→ **TASK OBJECTIVE**: For this exercise, write out exactly the lines from the line containing "Sunrise butterflies tree clipart" through the last line of the records, and no other lines.

== Segment start ==

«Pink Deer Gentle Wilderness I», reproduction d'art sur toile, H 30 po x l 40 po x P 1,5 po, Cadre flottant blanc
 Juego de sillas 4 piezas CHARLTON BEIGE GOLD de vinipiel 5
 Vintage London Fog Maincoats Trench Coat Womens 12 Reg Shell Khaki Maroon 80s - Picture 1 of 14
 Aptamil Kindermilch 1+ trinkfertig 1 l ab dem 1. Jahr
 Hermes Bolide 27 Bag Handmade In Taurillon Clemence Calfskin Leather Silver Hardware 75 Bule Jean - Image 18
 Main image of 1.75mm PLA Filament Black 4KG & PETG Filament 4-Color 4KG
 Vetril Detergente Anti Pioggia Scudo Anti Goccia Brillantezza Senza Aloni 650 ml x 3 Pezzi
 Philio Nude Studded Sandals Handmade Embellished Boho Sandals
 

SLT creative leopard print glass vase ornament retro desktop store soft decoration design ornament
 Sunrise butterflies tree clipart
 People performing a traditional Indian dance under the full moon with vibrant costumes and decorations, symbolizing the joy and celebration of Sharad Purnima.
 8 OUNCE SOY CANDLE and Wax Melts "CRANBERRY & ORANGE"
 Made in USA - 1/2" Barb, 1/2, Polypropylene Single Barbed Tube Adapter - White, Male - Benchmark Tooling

== Segment end ==

→ **SOLVED EXERCISE**:
 Sunrise butterflies tree clipart
 People performing a traditional Indian dance under the full moon with vibrant costumes and decorations, symbolizing the joy and celebration of Sharad Purnima.
 8 OUNCE SOY CANDLE and Wax Melts "CRANBERRY & ORANGE"
 Made in USA - 1/2" Barb, 1/2, Polypropylene Single Barbed Tube Adapter - White, Male - Benchmark Tooling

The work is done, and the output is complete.